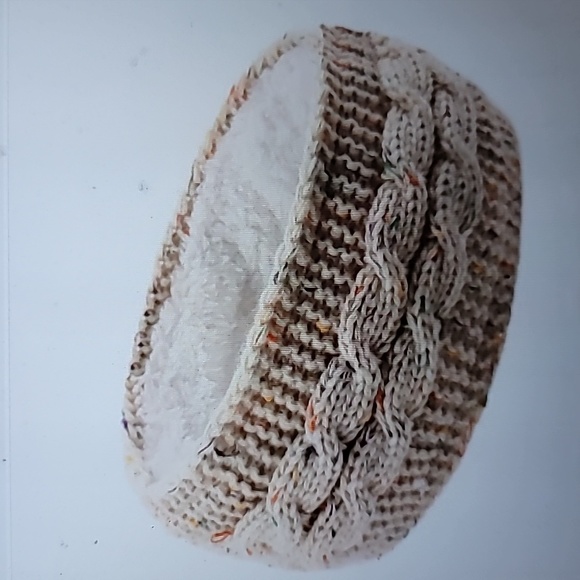 Ear Warmer Headband With Faux Fur Lining - Picture 1 of 3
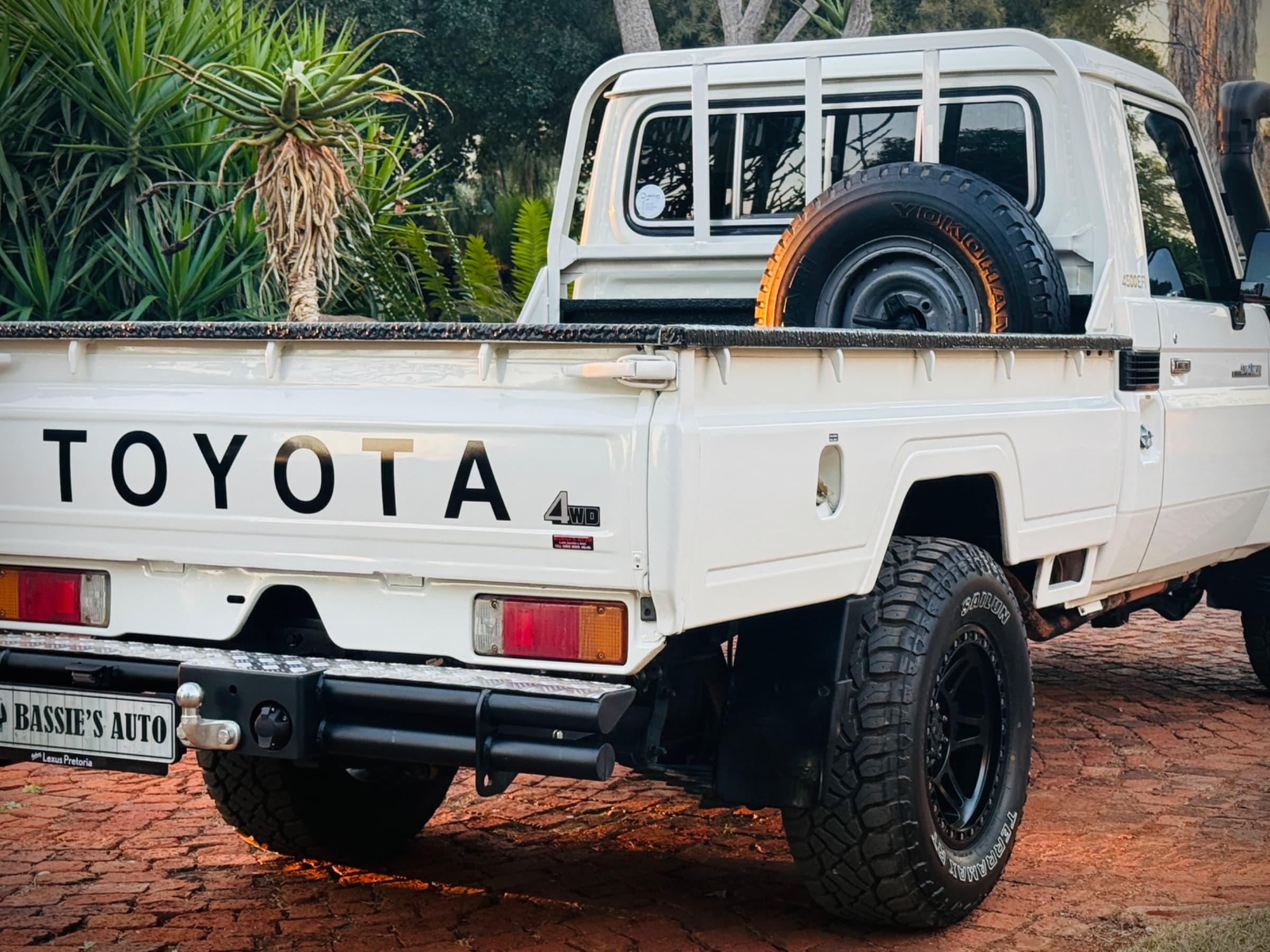 2009 Toyota Land Cruiser 79 Series for sale in South Africa — photo 8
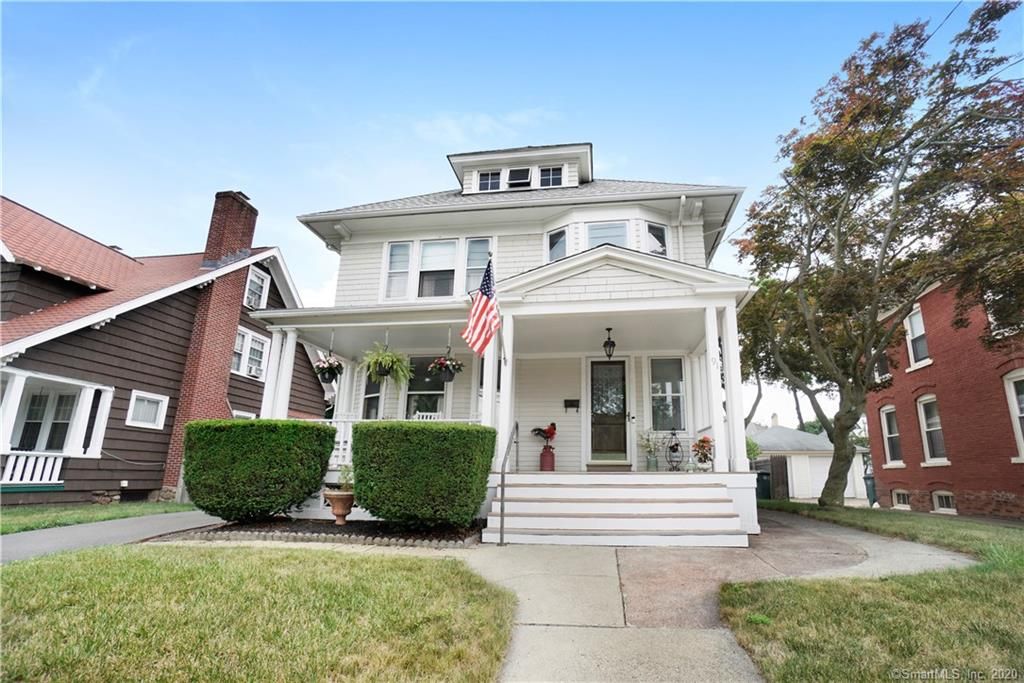 91 Putnam Ave, Hamden, CT 5 Bed, 2 Bath SingleFamily Home 40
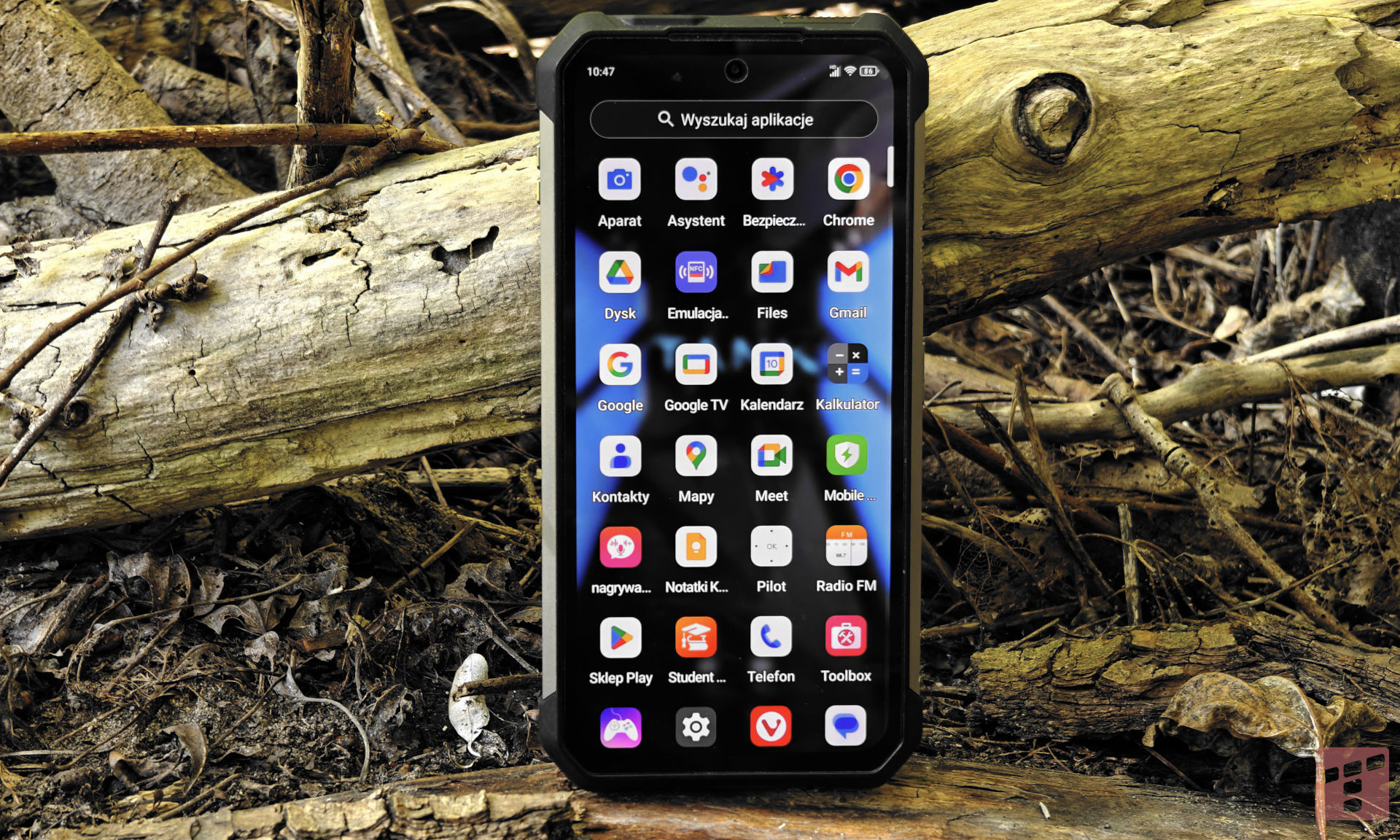 Tank 4 Pro: czołg z projektorem i ekranem AMOLED (test)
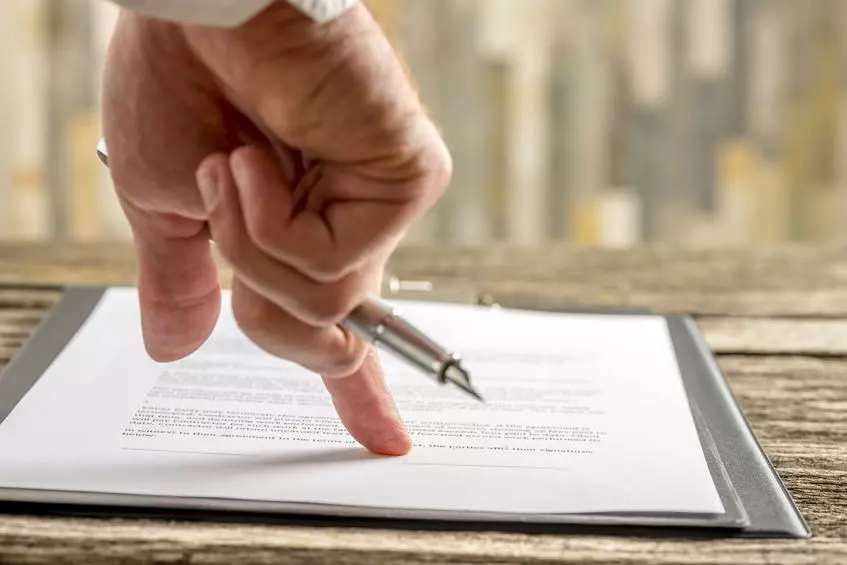 Family meeting with legal advisor, showing when a Will is crucial—highlighting Trusted Will Writing Newbury for essential life planning.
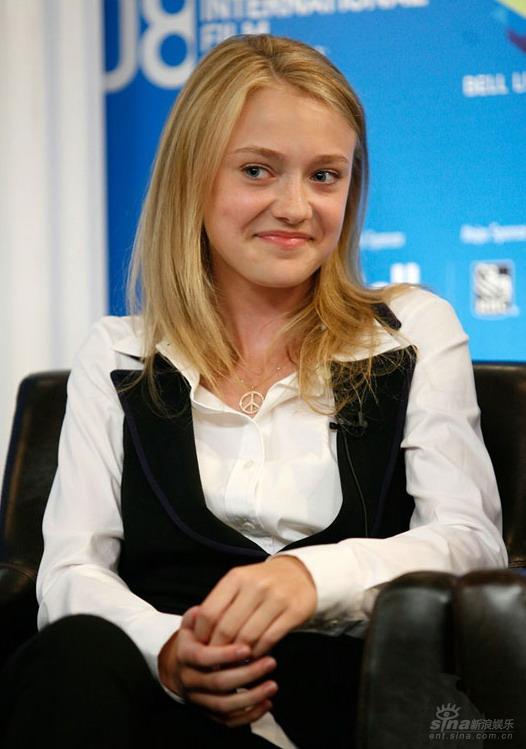 《蜜蜂的秘密生活》宣传照 达科塔小女初长成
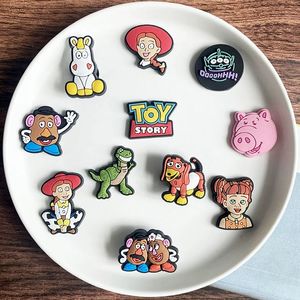 ตัวหนีบรองเท้าตัวการ์ตูนเครื่องรางแบบน่ารักสำหรับตกแต่ง - Product Image 4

..........

» **Aim of the exercise**: Each line above is to be duplicated exactly, and the pictures are to be omitted.

» **Reply to the exercise**:
 Ear Warmer Headband With Faux Fur Lining - Picture 1 of 3
 2009 Toyota Land Cruiser 79 Series for sale in South Africa — photo 8
 91 Putnam Ave, Hamden, CT 5 Bed, 2 Bath SingleFamily Home 40
 Tank 4 Pro: czołg z projektorem i ekranem AMOLED (test)
 Family meeting with legal advisor, showing when a Will is crucial—highlighting Trusted Will Writing Newbury for essential life planning.
 《蜜蜂的秘密生活》宣传照 达科塔小女初长成
 ตัวหนีบรองเท้าตัวการ์ตูนเครื่องรางแบบน่ารักสำหรับตกแต่ง - Product Image 4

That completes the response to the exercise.